30-60-90-intervaltraining bij zonsondergang nijeveense landen

30-60-90 intervaltraining

GO!

De 30-60-90-intervaltraining is een afwisselende en eenvoudig uitvoerbare trainingsvorm, die makkelijk aan te passen is aan de afstand waarvoor je aan het trainen bent. Je kan deze intervaltraining dus zo zwaar maken als je wilt of nodig hebt.

Afwisseling is bij het trainen sowieso een effectieve manier van trainen en niet steeds dezelfde trainingsvorm afwerken zorgt er ook voor dat hardlopen leuk blijft. Dat alleen al is een belangrijke reden waarom de 30-60-90 intervaltraining een fijne aanvulling is op de soorten training die je afwerkt. Omdat de intervallen van deze training vrij kort zijn, mag je ze met een hoge intensiteit uitvoeren dan je beoogde wedstrijdtempo. Daarmee geef je de spieren een extra snelheidsprikkel.

Uitvoering 30-60-90-intervaltraining

  • Warm eerst een kwartier op door rustig te dribbelen en eventueel een serie dynamische rekoefeningen uit te voeren.
  • Vervolgens ga je de intervalseries lopen. Eén serie bestaat uit 30 seconden tempo en 30 seconden herstel, 60 seconden tempo en 60 seconden herstel en 90 seconden tempo en 90 seconden herstel. De 30 seconden tempo loopt je het snelst, de 90 seconden op het beoogde wedstrijdtempo en de 60 seconden tempo een tempo daartussenin. Herstellen doe je dribbelend of wandelend.
  • Sluit de training af met een cooling-down van zo’n tien tot vijftien minuten.

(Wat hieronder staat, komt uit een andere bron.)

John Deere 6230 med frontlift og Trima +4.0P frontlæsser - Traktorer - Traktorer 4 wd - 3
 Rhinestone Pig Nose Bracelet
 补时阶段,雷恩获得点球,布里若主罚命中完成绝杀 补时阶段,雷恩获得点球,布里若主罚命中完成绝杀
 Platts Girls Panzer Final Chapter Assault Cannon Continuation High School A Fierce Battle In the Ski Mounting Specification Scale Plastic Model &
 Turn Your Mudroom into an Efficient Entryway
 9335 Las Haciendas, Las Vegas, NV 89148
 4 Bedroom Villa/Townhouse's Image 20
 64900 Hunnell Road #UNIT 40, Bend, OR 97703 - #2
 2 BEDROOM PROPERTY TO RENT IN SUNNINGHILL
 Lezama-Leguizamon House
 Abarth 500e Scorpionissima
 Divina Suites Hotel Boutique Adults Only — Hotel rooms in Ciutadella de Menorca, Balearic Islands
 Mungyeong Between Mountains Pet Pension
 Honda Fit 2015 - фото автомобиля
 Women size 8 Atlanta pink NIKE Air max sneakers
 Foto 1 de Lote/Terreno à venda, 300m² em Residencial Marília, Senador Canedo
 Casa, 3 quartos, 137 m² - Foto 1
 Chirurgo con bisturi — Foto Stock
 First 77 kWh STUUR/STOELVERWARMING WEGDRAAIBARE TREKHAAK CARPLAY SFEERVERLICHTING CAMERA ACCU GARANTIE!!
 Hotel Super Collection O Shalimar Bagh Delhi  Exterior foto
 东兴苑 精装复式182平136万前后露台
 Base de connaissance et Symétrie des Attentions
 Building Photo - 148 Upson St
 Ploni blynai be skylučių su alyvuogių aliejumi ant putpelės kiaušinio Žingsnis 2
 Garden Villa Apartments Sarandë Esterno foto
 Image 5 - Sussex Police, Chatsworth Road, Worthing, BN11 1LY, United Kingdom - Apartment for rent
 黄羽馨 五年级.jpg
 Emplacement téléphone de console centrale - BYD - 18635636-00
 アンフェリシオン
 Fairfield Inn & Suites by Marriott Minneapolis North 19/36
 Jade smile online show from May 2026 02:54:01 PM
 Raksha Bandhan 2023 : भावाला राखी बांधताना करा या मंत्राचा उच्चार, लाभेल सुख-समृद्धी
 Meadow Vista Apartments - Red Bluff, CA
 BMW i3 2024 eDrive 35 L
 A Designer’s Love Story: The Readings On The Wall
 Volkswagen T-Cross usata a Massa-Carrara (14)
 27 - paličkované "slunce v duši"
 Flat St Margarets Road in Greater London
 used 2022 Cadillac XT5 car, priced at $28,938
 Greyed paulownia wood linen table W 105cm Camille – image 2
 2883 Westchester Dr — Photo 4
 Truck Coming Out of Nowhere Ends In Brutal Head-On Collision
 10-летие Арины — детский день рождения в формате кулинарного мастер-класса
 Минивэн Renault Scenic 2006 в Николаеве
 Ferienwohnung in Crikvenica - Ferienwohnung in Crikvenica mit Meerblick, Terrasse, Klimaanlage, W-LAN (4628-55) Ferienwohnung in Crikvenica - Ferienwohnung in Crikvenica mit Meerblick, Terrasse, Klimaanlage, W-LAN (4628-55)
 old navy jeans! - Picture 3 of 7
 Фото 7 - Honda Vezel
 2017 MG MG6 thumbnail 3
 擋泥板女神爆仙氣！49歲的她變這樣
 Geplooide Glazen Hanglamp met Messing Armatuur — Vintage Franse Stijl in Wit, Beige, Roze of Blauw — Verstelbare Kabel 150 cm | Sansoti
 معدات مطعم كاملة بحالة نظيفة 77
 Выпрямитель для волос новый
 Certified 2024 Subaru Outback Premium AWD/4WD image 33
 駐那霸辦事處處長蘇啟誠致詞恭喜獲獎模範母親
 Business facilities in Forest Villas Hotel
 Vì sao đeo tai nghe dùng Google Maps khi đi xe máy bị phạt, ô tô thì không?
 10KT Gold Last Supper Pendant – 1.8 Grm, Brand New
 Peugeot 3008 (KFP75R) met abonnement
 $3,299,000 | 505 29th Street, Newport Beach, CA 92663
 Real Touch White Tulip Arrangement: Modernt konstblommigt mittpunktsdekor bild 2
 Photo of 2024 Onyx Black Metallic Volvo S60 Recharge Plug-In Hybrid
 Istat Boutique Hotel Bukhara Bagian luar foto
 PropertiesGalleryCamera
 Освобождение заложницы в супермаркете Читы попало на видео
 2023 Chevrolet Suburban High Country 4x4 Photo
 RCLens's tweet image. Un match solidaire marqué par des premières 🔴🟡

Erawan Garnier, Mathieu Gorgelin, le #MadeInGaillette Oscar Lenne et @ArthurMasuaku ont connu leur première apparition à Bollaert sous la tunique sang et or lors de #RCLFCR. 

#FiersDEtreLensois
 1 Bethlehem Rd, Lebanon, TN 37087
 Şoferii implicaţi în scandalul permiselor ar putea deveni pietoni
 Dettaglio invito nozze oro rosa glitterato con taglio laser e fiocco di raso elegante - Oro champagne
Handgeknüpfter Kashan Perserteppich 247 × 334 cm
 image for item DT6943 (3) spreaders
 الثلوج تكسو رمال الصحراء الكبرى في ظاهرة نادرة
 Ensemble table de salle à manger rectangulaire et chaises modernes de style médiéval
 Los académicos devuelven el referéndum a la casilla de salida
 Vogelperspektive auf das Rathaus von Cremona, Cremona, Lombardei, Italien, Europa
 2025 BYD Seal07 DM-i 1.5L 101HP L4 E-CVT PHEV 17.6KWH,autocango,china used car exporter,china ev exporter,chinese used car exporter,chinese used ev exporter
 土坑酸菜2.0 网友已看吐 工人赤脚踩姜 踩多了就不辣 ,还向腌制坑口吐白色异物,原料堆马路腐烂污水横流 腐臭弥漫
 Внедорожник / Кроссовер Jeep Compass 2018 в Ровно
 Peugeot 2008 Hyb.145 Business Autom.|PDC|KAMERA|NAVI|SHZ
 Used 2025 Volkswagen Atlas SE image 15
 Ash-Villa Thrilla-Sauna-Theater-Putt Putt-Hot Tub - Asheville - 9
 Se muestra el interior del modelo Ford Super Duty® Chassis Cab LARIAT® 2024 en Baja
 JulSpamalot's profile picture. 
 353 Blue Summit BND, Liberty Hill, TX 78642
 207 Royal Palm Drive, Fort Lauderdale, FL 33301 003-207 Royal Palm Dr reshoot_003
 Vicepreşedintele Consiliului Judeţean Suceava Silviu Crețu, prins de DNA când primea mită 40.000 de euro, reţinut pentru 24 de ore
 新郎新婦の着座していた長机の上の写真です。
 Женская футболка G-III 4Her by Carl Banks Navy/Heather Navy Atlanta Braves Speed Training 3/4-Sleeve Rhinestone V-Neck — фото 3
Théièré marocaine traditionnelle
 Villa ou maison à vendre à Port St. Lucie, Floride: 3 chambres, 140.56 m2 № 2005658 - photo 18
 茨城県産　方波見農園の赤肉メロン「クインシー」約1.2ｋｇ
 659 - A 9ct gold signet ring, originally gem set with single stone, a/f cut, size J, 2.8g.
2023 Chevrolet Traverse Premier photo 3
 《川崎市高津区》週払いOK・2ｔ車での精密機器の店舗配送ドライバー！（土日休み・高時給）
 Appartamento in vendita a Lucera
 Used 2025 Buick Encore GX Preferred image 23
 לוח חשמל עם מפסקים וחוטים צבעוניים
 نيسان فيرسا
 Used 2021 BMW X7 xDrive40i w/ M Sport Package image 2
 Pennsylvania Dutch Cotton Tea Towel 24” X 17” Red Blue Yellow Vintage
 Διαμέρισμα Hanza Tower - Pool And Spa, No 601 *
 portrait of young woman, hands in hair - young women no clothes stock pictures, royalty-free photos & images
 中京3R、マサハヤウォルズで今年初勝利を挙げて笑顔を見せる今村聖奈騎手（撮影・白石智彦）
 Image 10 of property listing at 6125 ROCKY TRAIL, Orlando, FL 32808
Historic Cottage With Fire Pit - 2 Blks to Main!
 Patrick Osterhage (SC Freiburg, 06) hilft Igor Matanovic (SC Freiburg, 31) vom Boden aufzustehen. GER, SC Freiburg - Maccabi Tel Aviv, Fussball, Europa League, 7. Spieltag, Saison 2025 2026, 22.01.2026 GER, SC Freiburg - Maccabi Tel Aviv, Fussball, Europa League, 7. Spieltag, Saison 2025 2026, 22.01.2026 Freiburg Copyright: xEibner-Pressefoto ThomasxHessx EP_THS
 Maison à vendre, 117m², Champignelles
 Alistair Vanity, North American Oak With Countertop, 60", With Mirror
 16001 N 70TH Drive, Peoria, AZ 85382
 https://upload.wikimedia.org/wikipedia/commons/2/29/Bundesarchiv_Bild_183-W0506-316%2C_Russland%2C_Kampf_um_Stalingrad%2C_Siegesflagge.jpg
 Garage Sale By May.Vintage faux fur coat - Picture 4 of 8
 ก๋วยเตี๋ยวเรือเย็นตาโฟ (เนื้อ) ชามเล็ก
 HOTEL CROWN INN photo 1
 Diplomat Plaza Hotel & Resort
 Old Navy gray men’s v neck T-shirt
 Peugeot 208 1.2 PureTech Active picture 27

Aantal uit te voeren series

Ben je aan het trainen voor een wedstrijdafstand tot zo’n tien kilometer, dan heeft de 30-60-90-intervaltraining het meeste effect wanneer je vier series uitvoert. Voor langere afstanden zoals een halve marathon breid je het aantal series uit. Persoonlijk vind ik een training die bestaat uit zes series van 30-60-90 seconden een fijne variant. Let wel op dat je met zes series 30-60-90 inclusief in- en uitlopen al snel tien kilometer aan het trainen bent.